Many grave monuments are hard to read - here are a few tips for indexing them.
If you have a different tip, please let us know.
Look at adjacent monuments:
Often, particularly in churchyards, graves are in family groups.
Therefore, if you cannot initially read a monument, you may find that once you see a name on an adjacent one the name stands out on all of them.
If you can only read parts of words then write them down and then see if you can work out the name.
Negative and grey scale technique:
If you have photo editing software that has a negative or grey scale option then use this and with luck the text will be clearer to read.
Make use of a published Monumental Inscriptions List:
These are now available from most Local History and Family History Associations, and if not published on CDs the bound and typescript copies are to be found in Reference Libraries.
While full of mistakes and omissions, they have the advantage that many were compiled years ago when the monuments were more legible.
For a headstone which is only partly decipherable use a MI List for the bits you cannot quite make out.
But keep an eye open for howlers, like repeatedly using "Mary" for "Margaret" because the compiler probably used the abbreviation "Marg" and in scribble it might have looked like "Mary" to the typist who transcribed it.
If it is a church burial ground, confirm names and dates with the parish register.
Most parish registers are now lodged with the local library or archive.
Often the actual registers are not available for viewing, instead fiche copies can be used.
If it is a municipal cemetery, confirm names and dates with their records.
Many municipalities now publish there cemetery records on their website.
To find their web address use either Google or the Oultwood local government web index.
The Oultwood index can be useful if you are not sure which local authority covers a particular cemetery.
Confirm names and dates using Free BMD:
Confirm names and dates using Free BMD if the year is from 1837 onwards.
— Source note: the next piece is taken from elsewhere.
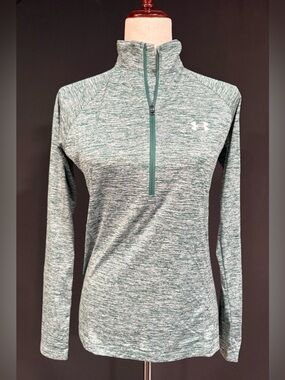 Under Armour Women's Green Heathered Green 1/4 Zip Heatgear Long Sleeve Top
It can be really useful when not quite sure of a name or date - see: http://freebmd.rootsweb.com/
Check which relationship codes are available
An extensive list of relationship codes is available on the website.
Be aware that the relationship listed on the grave monument often does not refer to the person mentioned first on the monument.
Check for a "hidden" maiden name
If a man's daughter or sister is listed with a different surname then this most likely means that the woman is married and can be given the man's surname as her maiden name.